Tom Dennigan from Continental Tyres and Republic of Ireland under-19 manager Dave Connell present Erica Turner of UCD Waves with her Young Player of the Year award during the Continental Tyres Women’s National League Awards at the Ballsbridge Hotel in Dublin. Photo by Matt Browne/Sportsfile

The next chapter in Sallynoggin goalkeeper Erica Turner’s life begins this month when she begins a four-year scholarship at Queens University of Charlotte in North Carolina.
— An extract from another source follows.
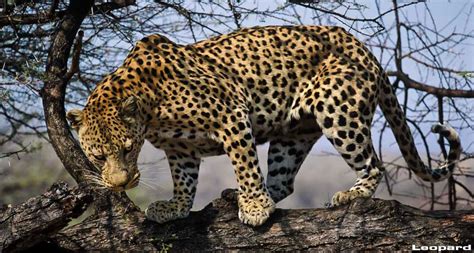 Hunting Leopard - Hunting Namibia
The former Rockford Manor, Blackrock pupil will begin a biology degree at the university after swapping scenic south Dublin for the American deep south.

Turner has been number one with DLR Waves, formerly UCD Waves, since making her debut as a 17-year-old in 2017 and has gone on to represent Ireland at Under-19 level.

She has captained Waves in the absence of regular skipper Catherine Cronin this season and wore the armband for her final game against Peamount United on Saturday evening.

Turner has been involved in Colin Bell’s home-based Ireland training camps alongside senior internationals Amanda Budden and Amanda McQuillan in recent months.

However, the opportunity in the United States, and the possibly of a move up to the professional NWSL league there should she continue to succeed, has proven too tempting for the 19-year-old.

“I’d never really thought about it,” Turner tells the Dublin Gazette.

“My main priority was to stay in Ireland and go to college here, but my plans didn’t work out for college here, so the opportunity came up and I took it.

“It happened last December that I was offered it. I thought about it and decided in the new year that I was going to go.”

Turner played underage football with local nursery St Joseph’s, playing with the boys’ team on Saturdays and the girls’ team on Sunday, before moving on to Cabinteely.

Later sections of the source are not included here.